Al expresidente Alejandro Toledo, al igual que a casi todos los expresidentes peruanos de las últimas décadas, se le procesa por corrupción. En el 2018, nuestro país pidió a Estados Unidos la extradición del exmandatario para procesarlo por tráfico de influencias, lavado de activos y corrupción, como parte de la investigación de sobornos –de hasta 35 millones de dólares– que le habría pagado la constructora Odebrecht en el Perú. El “cholo sano y sagrado” como solía llamarlo Eliane Karp, pasó de ser un admirado y esforzado ciudadano con rasgos y raíces indígenas y una maravillosa historia de esfuerzo y educación, a formar parte de la larga lista de decepciones nacionales.

Cinco presidentes de la Republica “después”, el Perú logra que el Departamento de Justicia de Estados Unidos admita su extradición a nuestro país. Lo curioso del caso resultó ser la inesperada carta que cuatro conocidos académicos de ese país, entre ellos Steve Levitsky y Francis Fukuyama, dirigieron al secretario de Estado, Antony Blinken, invocándole no enviar a Toledo de regreso al Perú por razones “humanitarias”. Curiosa posición de personas instruidas, cultas y defensoras de la democracia, que parecieran también tener valores diferenciados según la oportunidad, y para quienes se aplicaría magistralmente la frase “para mis amigos, todo; para mis enemigos, la ley”.

Ningún vencido tiene justicia si lo ha de juzgar su vencedor, decía Francisco de Quevedo, años atrás, y es la pura verdad. Felizmente el Departamento de Estado habría desoído esta curiosa petición y habría declarado que el Estado peruano cumplió con todo lo necesario para acceder a la extradición y traer al expresidente a rendir cuentas a la justicia de nuestro país.

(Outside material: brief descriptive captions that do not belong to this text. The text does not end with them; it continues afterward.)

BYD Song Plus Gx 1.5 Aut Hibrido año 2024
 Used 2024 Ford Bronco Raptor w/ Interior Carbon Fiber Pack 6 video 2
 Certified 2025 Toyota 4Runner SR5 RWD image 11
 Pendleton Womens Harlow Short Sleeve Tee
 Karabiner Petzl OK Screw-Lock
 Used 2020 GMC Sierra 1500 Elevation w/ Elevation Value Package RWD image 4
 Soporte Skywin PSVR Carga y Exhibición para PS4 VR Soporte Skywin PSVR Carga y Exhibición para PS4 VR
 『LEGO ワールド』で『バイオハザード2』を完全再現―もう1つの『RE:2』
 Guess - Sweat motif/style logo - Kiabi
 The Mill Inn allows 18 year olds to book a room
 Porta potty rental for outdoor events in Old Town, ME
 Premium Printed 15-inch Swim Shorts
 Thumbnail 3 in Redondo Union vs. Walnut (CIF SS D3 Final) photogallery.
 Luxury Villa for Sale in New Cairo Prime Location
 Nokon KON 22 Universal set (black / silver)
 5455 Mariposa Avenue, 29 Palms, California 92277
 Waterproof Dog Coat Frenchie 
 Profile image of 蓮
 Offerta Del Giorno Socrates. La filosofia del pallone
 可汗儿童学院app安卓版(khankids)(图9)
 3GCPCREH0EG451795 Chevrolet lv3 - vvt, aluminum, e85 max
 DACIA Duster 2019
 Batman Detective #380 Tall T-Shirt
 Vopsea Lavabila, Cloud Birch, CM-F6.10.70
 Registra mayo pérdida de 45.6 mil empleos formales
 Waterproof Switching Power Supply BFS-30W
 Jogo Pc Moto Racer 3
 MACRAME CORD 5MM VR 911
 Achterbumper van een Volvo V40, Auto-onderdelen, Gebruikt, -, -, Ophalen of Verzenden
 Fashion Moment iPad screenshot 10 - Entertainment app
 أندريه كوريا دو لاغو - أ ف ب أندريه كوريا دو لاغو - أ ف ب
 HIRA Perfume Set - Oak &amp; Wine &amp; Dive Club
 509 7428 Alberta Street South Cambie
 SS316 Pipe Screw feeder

Si bien la fiscalía y el Poder Judicial peruanos pueden no ser perfectos, lo cierto es que todos los ciudadanos deben someterse a la justicia en iguales condiciones, rendir cuenta de sus actos, y no apelar a sus antecedentes profesionales, fama mundial, defensa de la democracia o incluso a su edad para librarse de las consecuencias. Los derechos humanos son iguales para todos los mortales y no es posible que nadie invoque una excepción. Lo contrario es simplemente, exhibir una doble moral. En perspectiva, el Perú, no es una república bananera y merece respeto internacional.